To find the impact of carbon reduction from switching to a hybrid or electric car in your state see this link: https://afdc.energy.gov/vehicles/electric_emissions.html
3) Reduce Vehicle Miles Traveled. Reducing the number of miles driven will reduce carbon emissions. Providing incentives for more efficient travel planning, eliminating the need for some trips, and shifting to more efficient modes will reduce vehicle miles traveled.
Aviation Mitigation
Aviation emissions come largely from commercial carrier jet fuel. According to the IPCC, aviation represents approximately 2 to 3 percent of the total annual global CO2 emissions from human activities. While the United States does not currently have standards for aircraft emissions (generally or carbon dioxide specifically), the Federal Aviation Administration (FAA) supports several emission-reduction programs and the industry has taken on initiatives to reduce emissions.
The International Civil Aviation Organization (ICAO), a specialized UN agency made up of 192 member states, is the primary international body for regulating global aviation standards. In 2016, ICAO reached an agreement on the (1) first international carbon dioxide standards for newly built aircraft and (2) first-of-its-kind carbon offsetting scheme known as the Carbon Offsetting and Reduction Scheme for International Aviation (CORSIA). CORSIA is an emissions offsetting program aimed at achieving carbon neutral growth after 2020 for operators that fly internationally and produce more than 10,000 metric tons of annual carbon dioxide emissions.
CORSIA has the support of the United States, U.S. airline industry, and 73 other ICAO member nations representing 75.96 percent of the international aviation industry.

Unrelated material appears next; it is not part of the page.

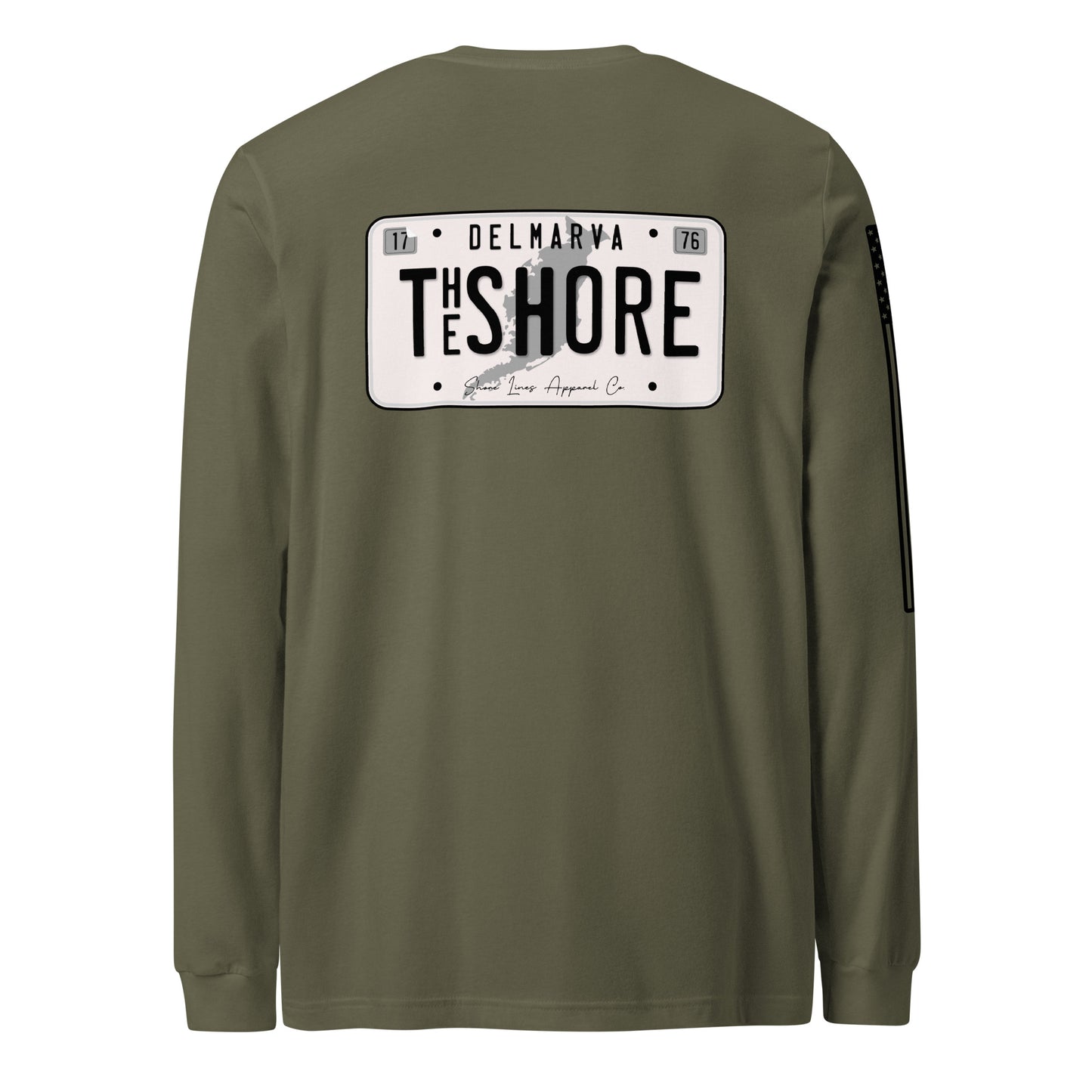 License Plate | Long Sleeve P-militarygreen-Shore Lines Apparel Co.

FAA Emission Reduction Programs and Initiatives
1) CORSIA Implementation – To comply with the recent ICAO agreements, the FAA and the Environmental Protection Agency (EPA) are required to develop regulations regarding aircraft design standards, emissions data collection, and monitoring. In addition, the agencies are tasked with implementing the new carbon offsetting system for U.S aircraft operators. Unlike how the Clean Air Act sets standards for other modes, here, the EPA must consult with the FAA on developing any emissions standards for aircraft, giving the FAA a central role in creating and enforcing the new ICAO environmental standards.
2) Continuous Lower Energy, Emissions and Noise (CLEEN) Program – The CLEEN program is a collaboration between the FAA and industry to drive the development of new aircraft and engine technologies that increase fuel efficiency, reduce emissions, decrease noise, and advance sustainable aviation fuels. During the first iteration of CLEEN, the FAA partnered with five companies and had a total investment value of more than $250 million by end of the original agreement in 2015. Through cost-sharing partnerships with industry, CLEEN projects developed technologies that reduce noise, emissions, and fuel burn. The second iteration, CLEEN II, currently has the FAA partnered with eight companies and is scheduled to continue through 2020.

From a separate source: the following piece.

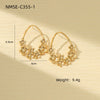Women's Titanium Steel Butterfly Flower Electroplated Earrings Light Luxury Style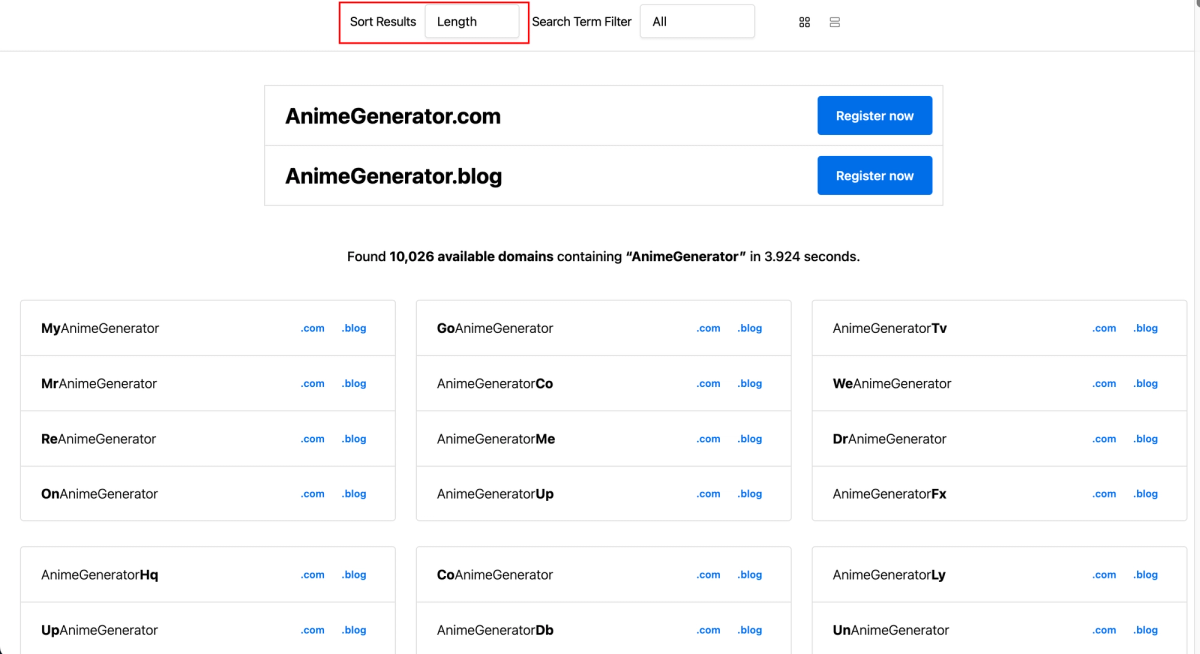 Lean Domain Search 关键词搜索结果按域名长度排序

3) Voluntary Airport Low Emissions (VALE) Program – Through participation in the Voluntary Airport Low Emissions (VALE) Program, airports can use Airport Improvement Program (AIP) funds and Passenger Facility Charge (PFC) revenue to finance low-emission vehicles, refueling and recharging stations, gate electrification, and other airport air quality improvements. Through September 2018, this program funded 105 projects at 51 airports and is expected to reduce ozone emissions by 1,192 tons per year over the next five years.
4) NextGen Implementation – The FAA continues to develop and implement NextGen technologies and procedures to modernize the air traffic control system. NextGen programs include Performance-Based Navigation procedures (GPS-satellite based flight paths) and Terminal Flight Data Manager (TFDM) deployment (a surface management solution), which will reduce aircraft fuel burn and create a more predictable and efficient flight and ground transportation system at airports. The TFDM system alone is expected to create 313 million gallons of fuel savings and reduce more than three million metric tons of carbon emissions over the life of the system.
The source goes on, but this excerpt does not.